Director: David O. Russell
Writers: David O. Russell (screenplay), Matthew Quick (novel)
Stars: Bradley Cooper, Jennifer Lawrence and Robert De Niro
This wasn’t bad. I had heard Jennifer Lawrence was so unbelievably good, but I just didn’t feel it. Her character annoyed me. I don’t like people like that who use sexuality in that way. I thought Cooper’s character was flawed and endearing, and of course De Niro was great. Cooper really carried the whole thing. I didn’t trust a word out of Lawrence’s character’s mouth from the start. I know she was so flawed, but I didn’t feel the same sympathy for her that I did for Cooper, and I’m not entirely sure why.
182/365: Argo (2012)
A dramatization of the 1980 joint CIA-Canadian secret operation to extract six fugitive American diplomatic personnel out of revolutionary Iran.
Director: Ben Affleck
Writers: Chris Terrio (screenplay), Joshuah Bearman (article)
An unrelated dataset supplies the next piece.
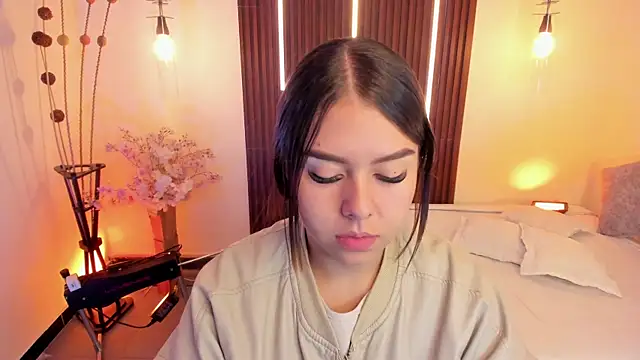 ArianaBaker online show from 29, 4, 2026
Stars: Ben Affleck, Bryan Cranston and John Goodman
I love Ben Affleck and I had heard so much great stuff about this movie, that it couldn’t possibly live up to the hype, and it didn’t. It was like when I saw Amelie after everyone else and I was like, yeah, this is good, but not GREAT. In Argo, I had issues with the fact that everything happened just in the nick of time. I know it’s for dramatic suspense and once or even twice wouldn’t have bothered me, but it was just one thing after another. I also felt this took a good half hour to get going, and I’m too impatient for that. This also teaches me about my own writing, though, and what I look for from other writers. This is definitely worth a watch, but didn’t live up to the hype for me.
181/365: Cry-Baby (1990)
In 1950s Baltimore, a bad-boy with a heart of gold wins the love of a good-girl, whose boyfriend sets out for revenge.
Director: John Waters
Writer: John Waters
Stars: Johnny Depp, Ricki Lake and Amy Locane
What a weird movie! I guess it was pretty much what I expected? I don’t know. Don’t have much to say about it, really. I’m glad I finally saw it.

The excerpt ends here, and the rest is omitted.